Rare and important ALS in French, signed "Karl Marx," three pages on two adjoining sheets, 5 x 8.25, March 7, 1872. Handwritten letter to the publisher Maurice Lachâtre, on the subject of the French edition of Das Kapital. Marx opens by noting that on receipt of his correspondent's "too flattering letter" he immediately wrote to his translator, asking him "to send the manuscript to Paris." He goes on to make reference to a projected biography: "As for the biography, you will oblige me by not insisting on its immediate publication. My friend F. Engels, who will provide details to Lafargue [Marx's son-in-law, Paul Lafargue], is at the moment too overworked to deal with it. In my opinion, we should not waste time, and nothing prevents us from publishing the biography later."
Returning to Das Kapital, Marx writes, "I completely agree with you that no communication should be made to newspapers regarding the French translation. With the Russian edition we took the same precautions, and unfortunately France is now under a 'Russian' regime." He then asks that it be clarified "in the first issue that the translation is made from the manuscript of the second German edition, which will not begin publication for a few weeks." Marx goes on to emphasize the originality of his work: "I hope the book does not bring you further persecution. The method is quite different from that applied by the French socialists and others."
"I do not take general ideas like 'equality' etc. as my point of departure, but I begin, on the contrary, with the objective analysis of economic relations as they are, and that is why the revolutionary spirit of the book is revealed only gradually.
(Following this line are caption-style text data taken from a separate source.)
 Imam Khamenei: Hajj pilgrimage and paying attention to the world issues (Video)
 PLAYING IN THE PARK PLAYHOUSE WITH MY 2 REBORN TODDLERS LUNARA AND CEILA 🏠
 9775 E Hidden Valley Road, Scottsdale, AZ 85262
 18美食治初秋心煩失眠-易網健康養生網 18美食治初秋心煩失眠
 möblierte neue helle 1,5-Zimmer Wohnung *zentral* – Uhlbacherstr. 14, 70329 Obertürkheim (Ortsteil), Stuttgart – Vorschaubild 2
What I fear, on the contrary, is that the aridity of the first analyses will put off the French reader. Nevertheless, there are in the first chapters some anti-religious jokes which could hurt the devotees of the rural republic." In a postscript, Marx reminds his correspondent that their agreement entitles him to a payment of 2000 francs in fifteen days' time. In fine condition, with minor edge chipping and a short split to the bottom of the hinge.
In 1872, Lachâtre published the first book of Marx's Das Kapital in French—Le Capital, translated by Joseph Roy but edited by Marx himself. In his publishing agreement, Marx demanded that 'the edition of his book be expressly in a form and at a price that make the work accessible to the smallest purses.' The work proved to be the foundational text for Marxism, exploring the exploitative nature of the capitalist mode of production and the resultant struggle between social classes. Marx drew heavily from the French socialist thinkers—Claude Henri St. Simon and Charles Fourier in particular—in his studies of the political economy, making a French translation a natural fit. And, as he was fluent in French, Marx was able to edit and revise it himself.
In the end, Marx complained that Roy often translated too literally, but 'whatever the literary defects of the French edition, it possesses a scientific value independent of the original and should be consulted even by readers familiar with German.' Marx's letters are incredibly scarce, and as this example is associated with the publication of his most important work, it is of the utmost desirability.